▶ **Assignment**
In the entries below, filter for the word "Sterling" and copy every matching line.

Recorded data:
┄┄┄┄┄┄┄┄┄┄┄┄┄┄┄┄┄┄┄┄

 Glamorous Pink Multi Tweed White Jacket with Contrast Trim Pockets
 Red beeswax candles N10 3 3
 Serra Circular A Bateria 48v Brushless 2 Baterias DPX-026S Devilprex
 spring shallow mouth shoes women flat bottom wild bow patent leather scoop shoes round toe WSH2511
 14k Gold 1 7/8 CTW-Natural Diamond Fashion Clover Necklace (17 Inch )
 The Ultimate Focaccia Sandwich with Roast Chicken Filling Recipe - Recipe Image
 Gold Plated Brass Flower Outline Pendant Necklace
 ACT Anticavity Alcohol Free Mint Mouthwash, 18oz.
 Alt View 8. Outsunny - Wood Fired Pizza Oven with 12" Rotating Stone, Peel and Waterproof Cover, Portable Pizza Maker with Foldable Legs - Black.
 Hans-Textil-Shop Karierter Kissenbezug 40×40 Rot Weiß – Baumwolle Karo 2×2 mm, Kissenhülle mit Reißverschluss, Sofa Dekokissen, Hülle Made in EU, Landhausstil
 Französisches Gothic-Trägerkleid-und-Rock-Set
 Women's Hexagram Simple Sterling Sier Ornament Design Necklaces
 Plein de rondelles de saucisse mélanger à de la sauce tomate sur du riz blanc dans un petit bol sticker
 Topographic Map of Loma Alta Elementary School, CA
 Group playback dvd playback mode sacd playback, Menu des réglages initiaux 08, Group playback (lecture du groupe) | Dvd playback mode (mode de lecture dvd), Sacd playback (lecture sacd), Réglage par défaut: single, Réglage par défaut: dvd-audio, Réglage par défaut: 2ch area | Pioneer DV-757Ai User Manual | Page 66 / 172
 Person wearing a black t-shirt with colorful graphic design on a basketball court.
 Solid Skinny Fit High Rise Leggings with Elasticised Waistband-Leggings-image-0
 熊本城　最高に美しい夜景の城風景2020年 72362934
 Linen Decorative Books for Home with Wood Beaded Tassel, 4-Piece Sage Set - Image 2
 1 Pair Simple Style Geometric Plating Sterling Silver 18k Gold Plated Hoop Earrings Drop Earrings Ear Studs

┄┄┄┄┄┄┄┄┄┄┄┄┄┄┄┄┄┄┄┄

▶ **Worked solution**
 Women's Hexagram Simple Sterling Sier Ornament Design Necklaces
 1 Pair Simple Style Geometric Plating Sterling Silver 18k Gold Plated Hoop Earrings Drop Earrings Ear Studs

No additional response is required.